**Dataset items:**

__________

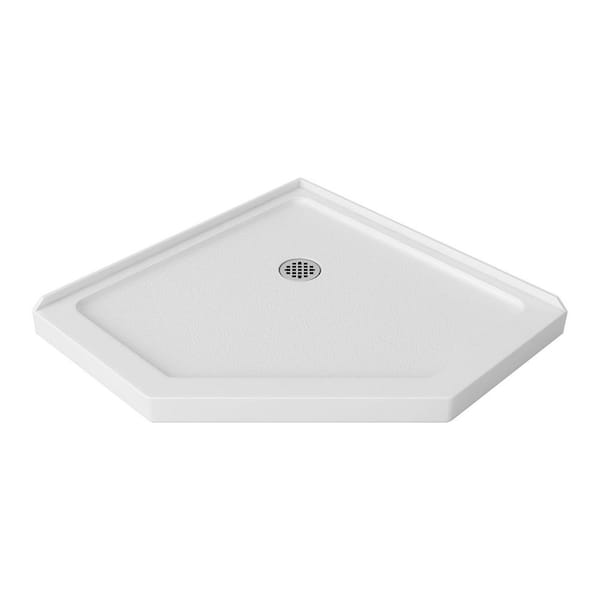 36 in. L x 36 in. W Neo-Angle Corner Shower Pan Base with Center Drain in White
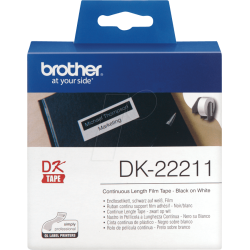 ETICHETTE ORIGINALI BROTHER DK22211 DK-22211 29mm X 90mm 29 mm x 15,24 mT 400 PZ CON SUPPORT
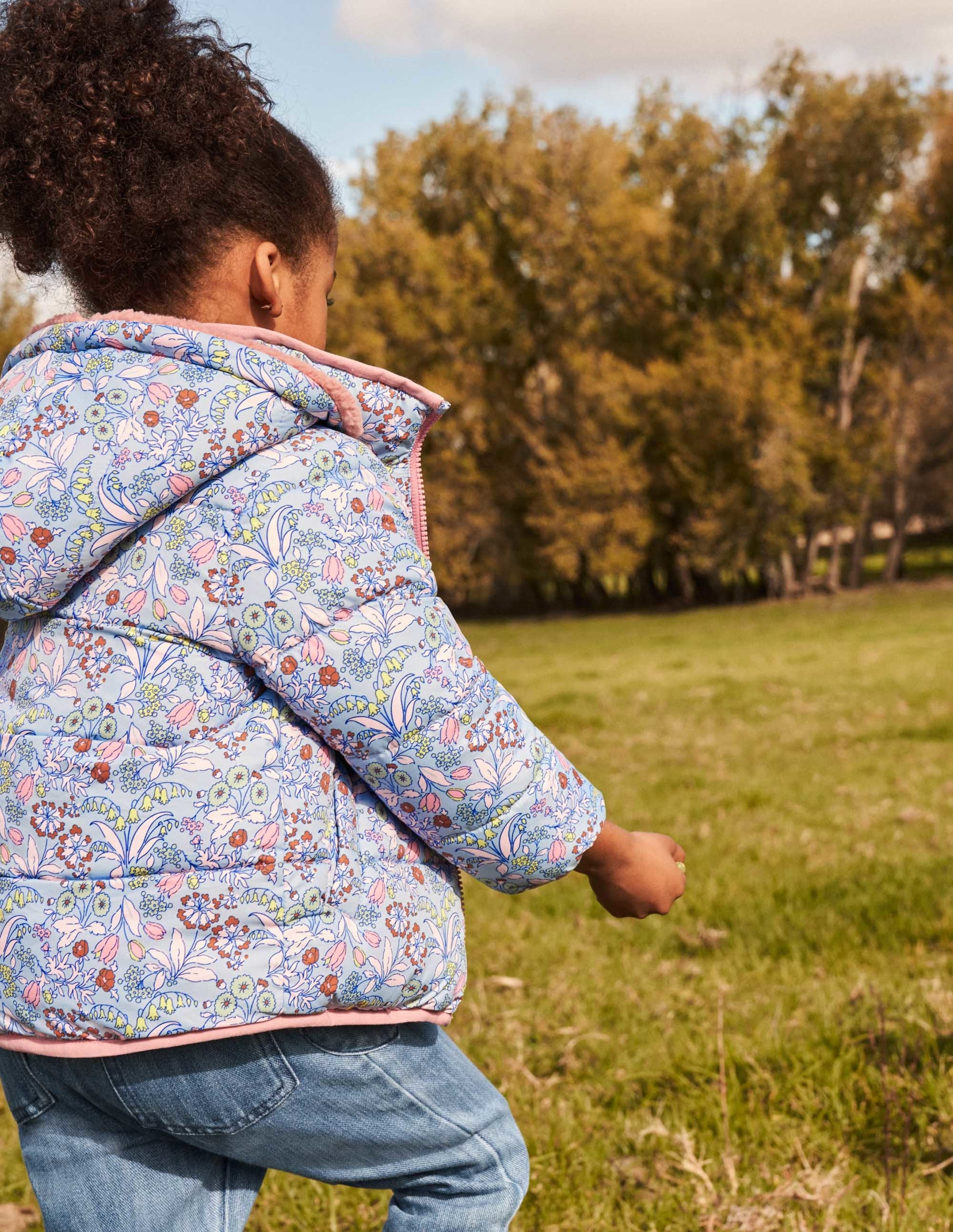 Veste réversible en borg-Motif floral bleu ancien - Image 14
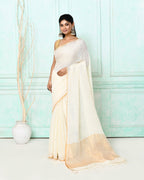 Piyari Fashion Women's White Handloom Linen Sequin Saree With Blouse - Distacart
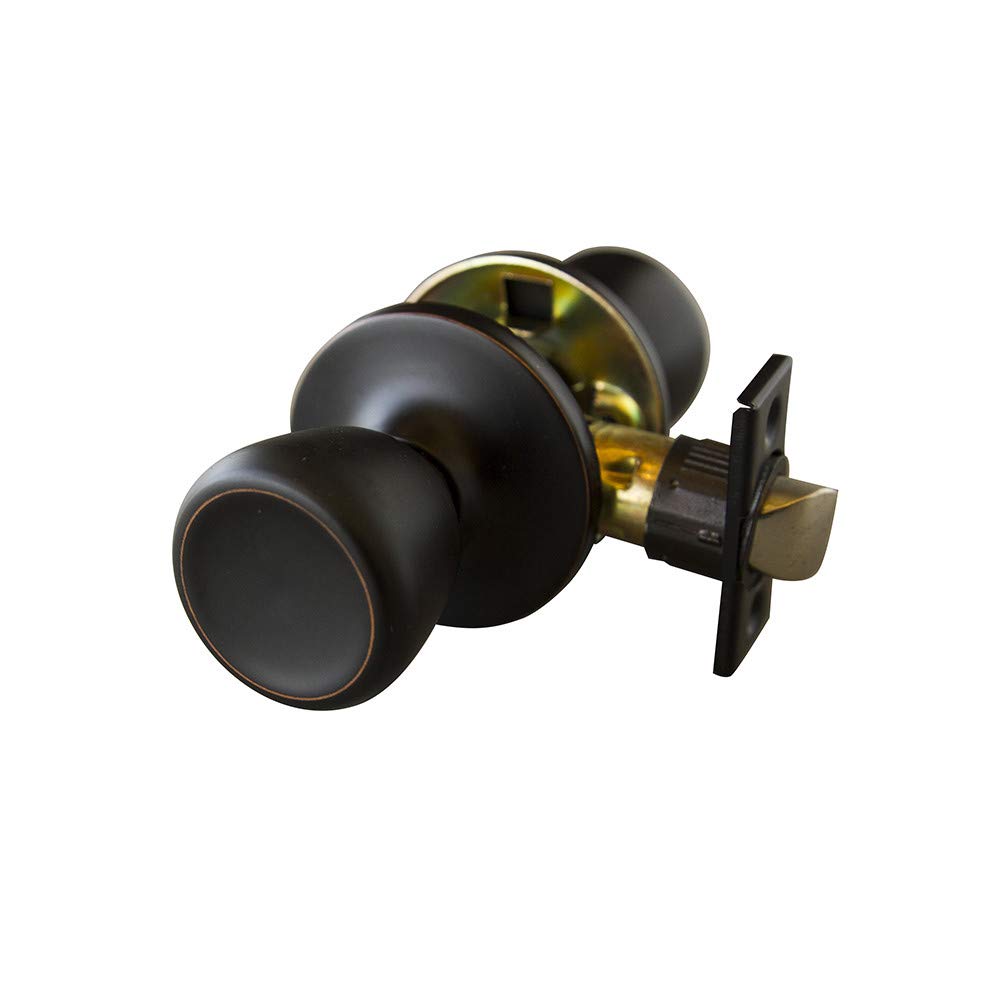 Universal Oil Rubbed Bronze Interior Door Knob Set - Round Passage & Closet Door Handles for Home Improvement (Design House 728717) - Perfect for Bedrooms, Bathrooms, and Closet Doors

__________

**What you should do:** With images left out, the data must be transcribed exactly.

**Answer for this exercise:**
 36 in. L x 36 in. W Neo-Angle Corner Shower Pan Base with Center Drain in White
 ETICHETTE ORIGINALI BROTHER DK22211 DK-22211 29mm X 90mm 29 mm x 15,24 mT 400 PZ CON SUPPORT
 Veste réversible en borg-Motif floral bleu ancien - Image 14
 Piyari Fashion Women's White Handloom Linen Sequin Saree With Blouse - Distacart
 Universal Oil Rubbed Bronze Interior Door Knob Set - Round Passage & Closet Door Handles for Home Improvement (Design House 728717) - Perfect for Bedrooms, Bathrooms, and Closet Doors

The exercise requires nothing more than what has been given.